• Required action: The records that appear below are to be restated word for word.

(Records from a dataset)
-- Opening Marker --
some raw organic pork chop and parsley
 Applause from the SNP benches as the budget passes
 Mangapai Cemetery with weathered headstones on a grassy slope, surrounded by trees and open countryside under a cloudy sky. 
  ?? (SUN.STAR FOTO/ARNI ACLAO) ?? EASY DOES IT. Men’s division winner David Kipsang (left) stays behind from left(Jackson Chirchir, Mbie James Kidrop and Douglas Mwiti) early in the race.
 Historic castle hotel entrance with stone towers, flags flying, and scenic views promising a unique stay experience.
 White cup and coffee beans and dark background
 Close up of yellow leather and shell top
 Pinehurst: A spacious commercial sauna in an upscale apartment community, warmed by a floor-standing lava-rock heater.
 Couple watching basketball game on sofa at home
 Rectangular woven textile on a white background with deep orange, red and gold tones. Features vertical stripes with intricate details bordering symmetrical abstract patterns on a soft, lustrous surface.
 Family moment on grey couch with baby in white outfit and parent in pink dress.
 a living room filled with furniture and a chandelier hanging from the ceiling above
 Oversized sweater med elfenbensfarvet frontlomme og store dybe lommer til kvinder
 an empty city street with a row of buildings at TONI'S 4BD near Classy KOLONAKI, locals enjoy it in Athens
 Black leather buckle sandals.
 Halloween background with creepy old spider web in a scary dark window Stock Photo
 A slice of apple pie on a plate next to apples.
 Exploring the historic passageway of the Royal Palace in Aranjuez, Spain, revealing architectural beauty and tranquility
-- Closing Marker --
• Written answer:
some raw organic pork chop and parsley
 Applause from the SNP benches as the budget passes
 Mangapai Cemetery with weathered headstones on a grassy slope, surrounded by trees and open countryside under a cloudy sky. 
  ?? (SUN.STAR FOTO/ARNI ACLAO) ?? EASY DOES IT. Men’s division winner David Kipsang (left) stays behind from left(Jackson Chirchir, Mbie James Kidrop and Douglas Mwiti) early in the race.
 Historic castle hotel entrance with stone towers, flags flying, and scenic views promising a unique stay experience.
 White cup and coffee beans and dark background
 Close up of yellow leather and shell top
 Pinehurst: A spacious commercial sauna in an upscale apartment community, warmed by a floor-standing lava-rock heater.
 Couple watching basketball game on sofa at home
 Rectangular woven textile on a white background with deep orange, red and gold tones. Features vertical stripes with intricate details bordering symmetrical abstract patterns on a soft, lustrous surface.
 Family moment on grey couch with baby in white outfit and parent in pink dress.
 a living room filled with furniture and a chandelier hanging from the ceiling above
 Oversized sweater med elfenbensfarvet frontlomme og store dybe lommer til kvinder
 an empty city street with a row of buildings at TONI'S 4BD near Classy KOLONAKI, locals enjoy it in Athens
 Black leather buckle sandals.
 Halloween background with creepy old spider web in a scary dark window Stock Photo
 A slice of apple pie on a plate next to apples.
 Exploring the historic passageway of the Royal Palace in Aranjuez, Spain, revealing architectural beauty and tranquility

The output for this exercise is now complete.